NASA will be only the second featured federal agency in the history of the festival, which annually attracts an audience of more than a million people. The Folklife Festival also will highlight the food and music of the state of Texas and the mountainous Asian nation of Bhutan. An annual survey of tourism agencies and convention and tourism bureaus around the country labeled the Folklife Festival as America’s No. 1 tourism event.

“We are excited that NASA’s participation will give people from throughout our country and the world the opportunity to learn from and interact with our engineers, scientists, astronauts and skilled craftspeople,” said Robert Hopkins, NASA chief of Strategic Communications, Headquarters, Washington. “The Folklife Festival’s purpose is to introduce visitors to ‘the immense breadth of community-based art, skill, knowledge, and wisdom,’ and NASA is proud to be one of the few federal agencies in the history of the festival to be celebrated.

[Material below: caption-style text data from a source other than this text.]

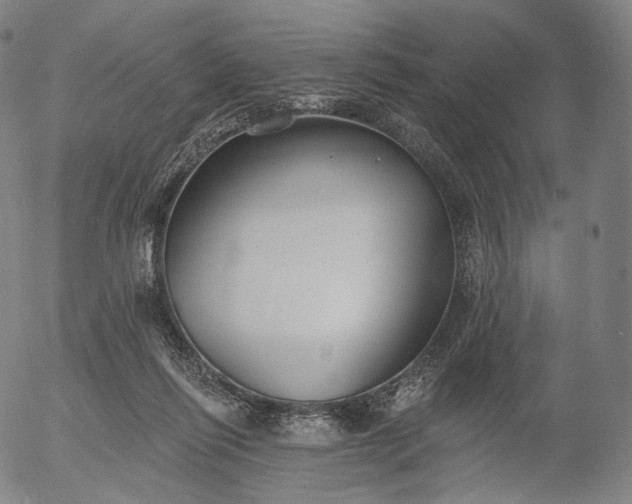 X0000055990262200509021646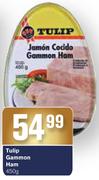 Tulip Gammon Ham-450g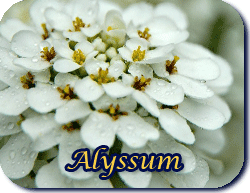 alyssum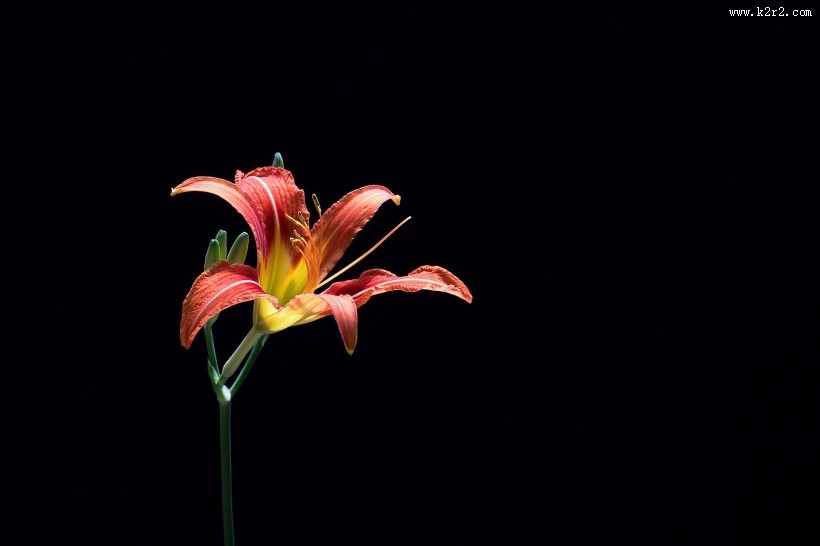 萱草花图片大全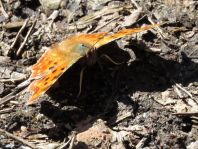 C-Falter, Polygonia c-album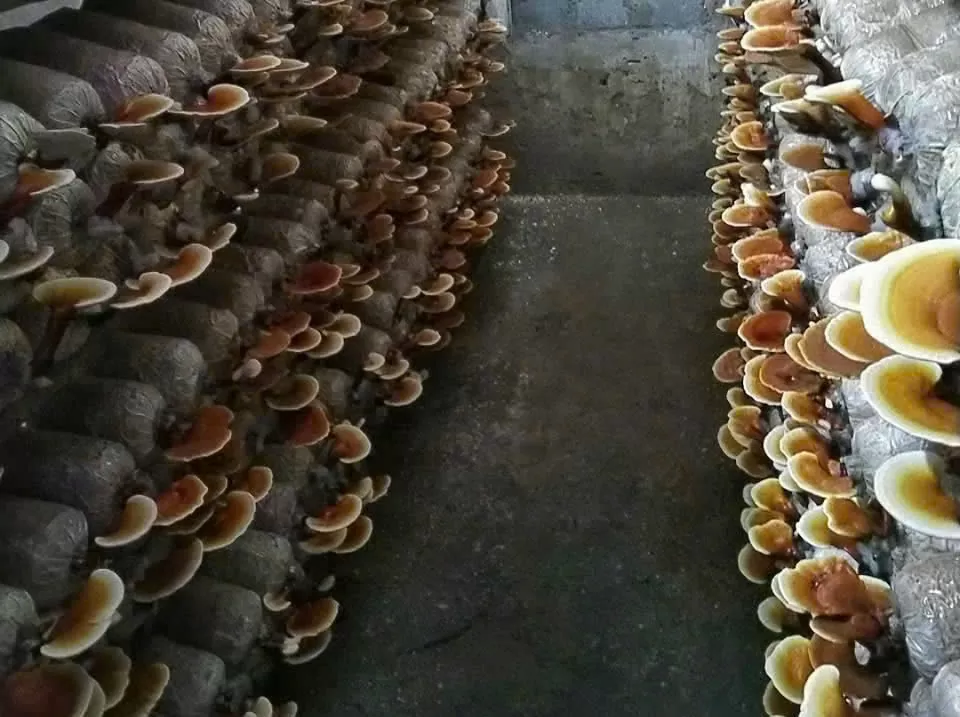 Mô hình trồng nấm linh chi của anh Vũ Mạnh Trung khi bước vào giai đoạn thu hoạch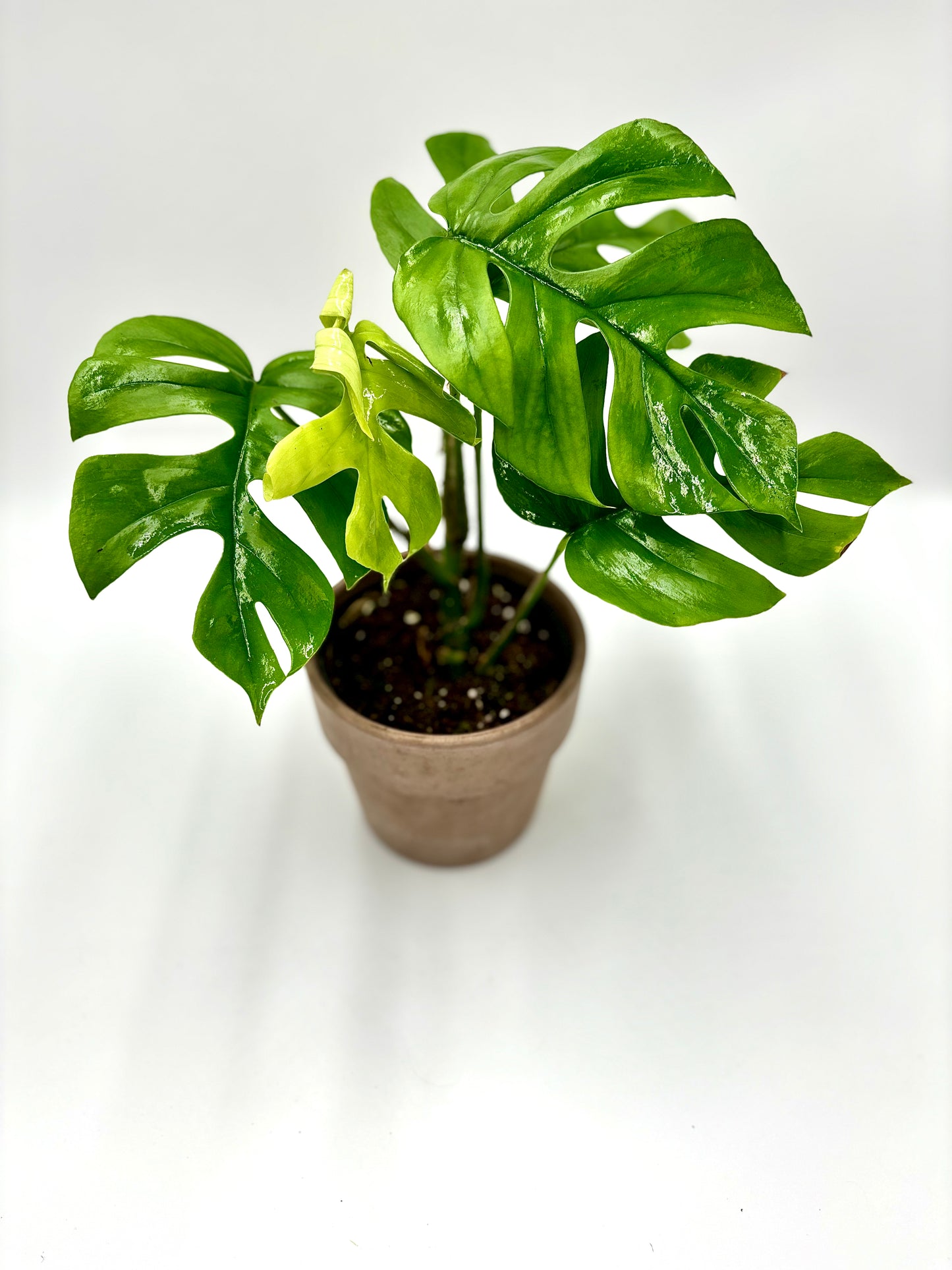 Monstera Pertusum "Little Sister"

This will be a tremendous event to showcase NASA’s past accomplishments and plans to extend humanity’s reach throughout the solar system during our 50th anniversary year.”

“The Festival looks forward to the opportunity to give the public a glimpse behind the scenes at the agency that literally broadens our horizons,” said Diana Parker, director of the Smithsonian Folklife Festival.

With an emphasis on audience participation, the festival program will encourage visitors to engage one on one with NASA experts in presentation areas on the Mall. The presentations are tied to NASA’s mission goals in aeronautics, space exploration, science and human spaceflight.

The NASA program will include live presentations, hands-on educational activities, narrative oral history sessions and demonstrations of the skills, techniques and knowledge of real rocket scientists. Exhibits will explore the spirit of inspiration, innovation, discovery and public service embodied by the agency and its personnel.